BAYA: ANOTHER AFRICAN ANTECEDENT OF PICASSO AND MATISSE
By Nii B. Andrews
Fatma Haddad (1931- 1998) aka Baya, was born in Algiers; she was orphaned when she was five years old.
In her teenage years she was adopted by Marguerite Camina Benhoura, a French intellectual who lived in Algiers and the South of France. Baya’s grandmother was the house help of Benhoura.
Benhoura encouraged Baya to paint and eventually in 1947, Baya’s work was noticed by two art dealers – André Breton and Aimé Maeght.
On account of the artist’s distinct visual language—one that she continued to develop for the remainder of her life as a painter, they placed her work in Exposition Internationale du Surréalisme at Galerie Maeght in Paris.
The Baya pieces had a profound effect on Picasso and Matisse when they encountered them.
The duo were particularly struck by the choice of bright colors and syncopated patterns that vividly portrayed women and mythical creatures.

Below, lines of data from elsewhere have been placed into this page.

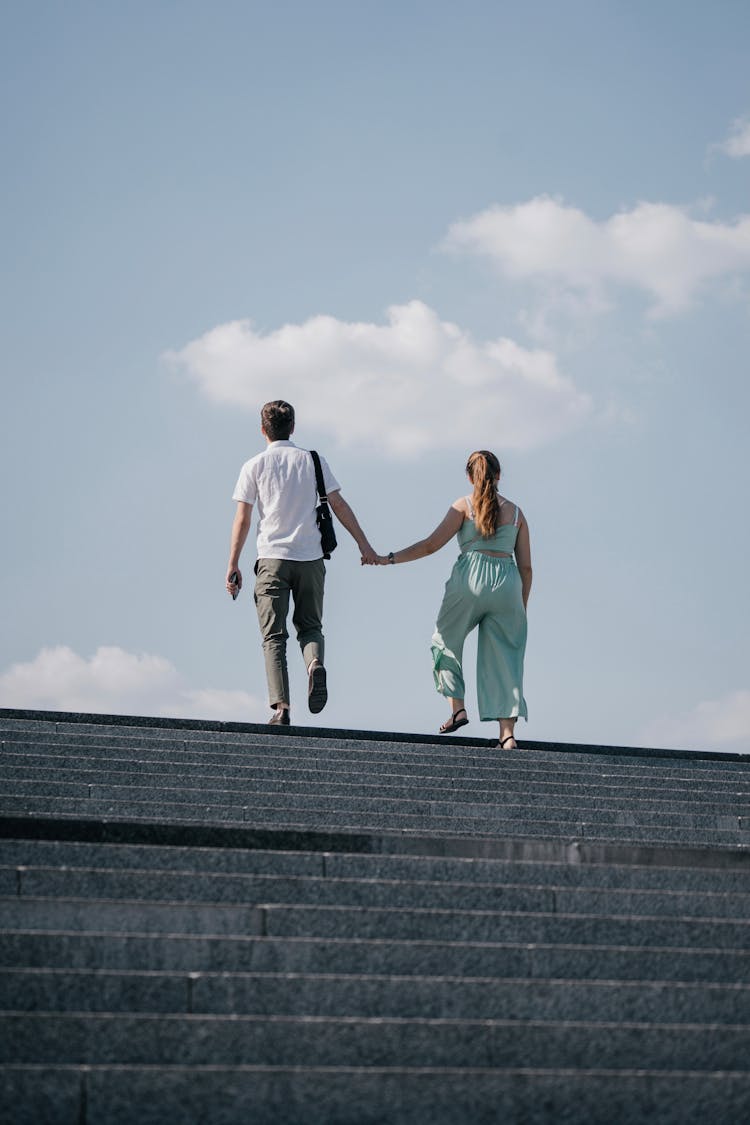 Couple Walking Up The Stairs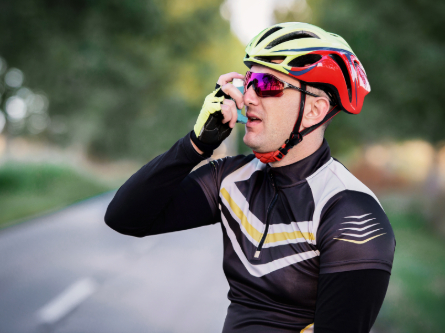 Cyclist using asthma inhaler.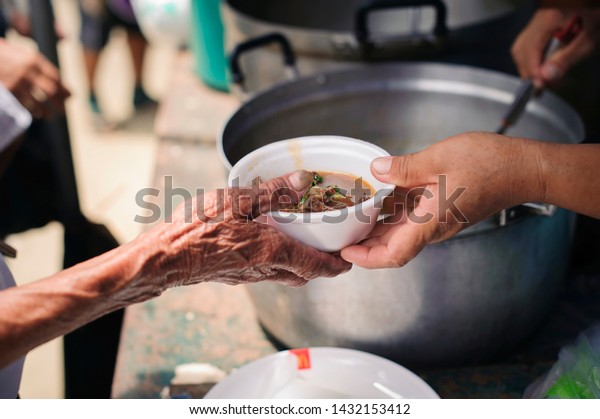The Hand of the Beggars receives charity food
from fellow human beings : The concept of humanitarianism : The
hands of refugees have been aided by charity food to alleviate
hunger : Feeding Concepts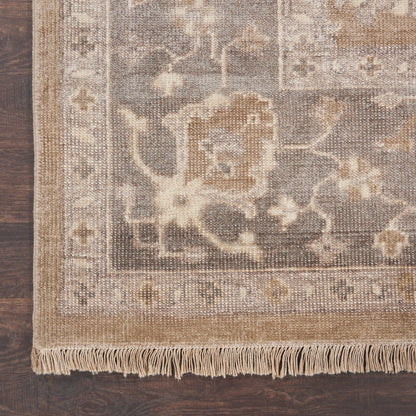 Neutral woven area rug with floral border & fringe, taupe, cream & beige tones on dark wooden floor.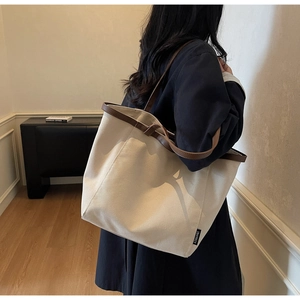 Detail of canvas tote bag with contrast leather trim and logo label on model's shoulder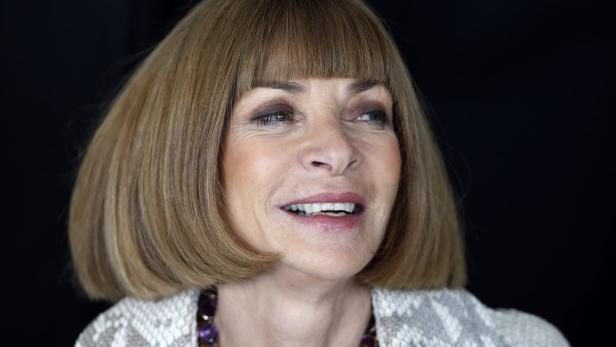Vogue editor Anna Wintour laughs during an interview before the Christopher Kane Spring/Summer 2013 collection presentation at London Fashion Week September 17, 2012. REUTERS/Suzanne Plunkett (BRITAIN - Tags: FASHION ENTERTAINMENT)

Baya later on collaborated with both artists to create fascinating ceramics in the celebrated Madoura pottery studio in Vallauris.
Though her work has received scanty international recognition, that is slowly changing.
An uncompromising feminist stance has been pointed out in her work.
Some scholars have opined that Baya’s depiction of the large, uncovered eye—or the “liberated eye,” as some have described it—represents a reversal of the male gaze, a prominent element of Western figurative art in the artist’s time.
Her paintings often focused on the core theme of the “liberated woman”; assertive eyes, hair in flamboyant colors, emphatic makeup, self-assuredness, joy and even ecstacy; totally liberated in their femininity in a patriarchal world.
The painting, “Woman with blue hair in a yellow dress”, is a tour de force of her feminist perspective and it is loaded with potent symbolism.
Since early January 2018, Baya’s work has been exhibited in New York City at the Grey Art Gallery of New York University.
The exhibition titled BAYA: WOMAN OF ALGIERS ends on March 31, 2018.
It is the first North American exhibition of this largely unsung, self-taught, African artist who influenced and collaborated with Picasso and Matisse.